JBRA Assist. Reprod. 2011;15(6):28-29
ARTIGO DE OPINIÃO
doi: 10.5935/1518-0557.2011.15.6.06
1Genesis - Centro de Assistência em Reprodução Humana, Brasília, Distrito Federal, Brasil
Transmitir em poucas páginas e com fidedignidade tudo o que se pensa, realiza e conclui em uma pesquisa científica é feito que tangencia a arte e desafia a técnica, mas que encontra pilares no desenvolvimento pelo treinamento, em curva contínua de aprendizado. Fazê-lo de forma transparente é condição sine qua non para a correta compreensão dos resultados por leitor qualquer, que permita reproduzí-los ou incorporá-los ao conhecimento explícito, de forma a traduzí-los em benefícios práticos.

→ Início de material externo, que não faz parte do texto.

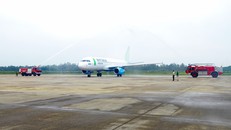 Nghi lễ phun vòi rồng trang trọng chào đón chuyến bay Hà Nội - Vinh của Bamboo Airways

A redação científica inadequada dificulta a avaliação dos resultados da pesquisa, impossibilita a avaliação de sua consistência e pode condenar o estudo à irreprodutibilidade, o que, na seara da ciência, sepulta sua credibilidade. Frente à inconsistência dos registros científicos em periódicos médicos gerais e especializados, frequentemente constatada, editores e pesquisadores em epidemiologia, estatística e metodologia têm se reunido nos últimos 15 anos para a elaboração de listas de verificação de itens importantes para a boa redação científica. Centenas de revistas internacionais já adotam tais recomendações em seus guias para autores.
O documento Consolidated Standards of Reporting Trials (CONSORT), desenvolvido em 1996 (Begg et al, 1996) e recentemente atualizado (Moher et al, 2010), foi o primeiro a estabelecer diretrizes para a melhoria da redação, com foco em ensaios clínicos randomizados, oferecendo ampla lista de verificação de itens essenciais ao registro adequado, assim como o fluxograma dos passos necessários para o julgamento ad libitum da confiança e validade dos resultados.
Também em 1996, a conferência para estabelecimento do Quality of Reporting of Meta-analyses (QUOROM) padronizou recomendações para melhorar a qualidade dos registros de meta-análises de ensaios clínicos aleatórios (Moher et al, 1999), documento que, revisto recentemente, incorporou as revisões sistemáticas à sigla e foi renomeado de PRISMA - Preferred Reporting Items for Systematic reviews and Meta-Analyses (Moher et al, 2009).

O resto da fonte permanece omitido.